Circe, Marilyn Miller, author; Perdita Weeks, narrator
In this re-imagined story of the Greek goddess Circe, Marilyn Miller has done a wonderful job of bringing her to life. The narrator is superb, as she uses different voices and stress points to make each character unique. I studied Greek mythology in College, many years ago, and her presentation evoked many pleasant memories for me. I really enjoyed listening to it and remembering the history it portrayed of Troy and Sparta, the Titans and the Olympians. I remembered and re-imagined with her, all of the heroes, heroines, and villains, that I had once loved reading about. Although she was considered a minor goddess, Circe’s interactions with Odysseus, Athena, Daedalus, Prometheus, Hermes, Zeus, the Cyclops, Trident, Helios, Scylla, Penelope, the Sirens, and many more, were fascinating.
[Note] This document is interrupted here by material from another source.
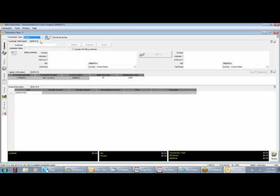The next area is the customer information. If I leave this blank, that means it would be a cash sale. But in order entry, if I have a relationship, I would need to choose a customer.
The relationship between the gods, goddesses and mortals was very creative, as was her handling of mysterious events during that time. Her interpretation of their bitterness and vengeful behavior was illuminating. People in modern times are sometimes as arrogant and petty, vindictive and unforgiving toward each other. The pride and arrogance sometimes resulted in remorse but in most cases the behavior simply proved how unrewarding and detrimental it could be. It was difficult to trust mortals or the gods.
The gods had no interest in mortals other than to use them as playthings, to be toyed with and then disposed of, but in some rare cases, some of the gods were kinder. To most, humans held no real value, though. The lesser gods, had less power and they had to be more clever or use magic and witchcraft to better their superiors who even chose to punish them. Imagine a punishment that lasted into eternity…the torture, the torment, the hopelessness. gods and goddesses were immortal and simply existed to please themselves. Any who defied or broke the rules paid dearly.
If you loved the Greek classics, you will love Miller’s reinterpretation of Circe.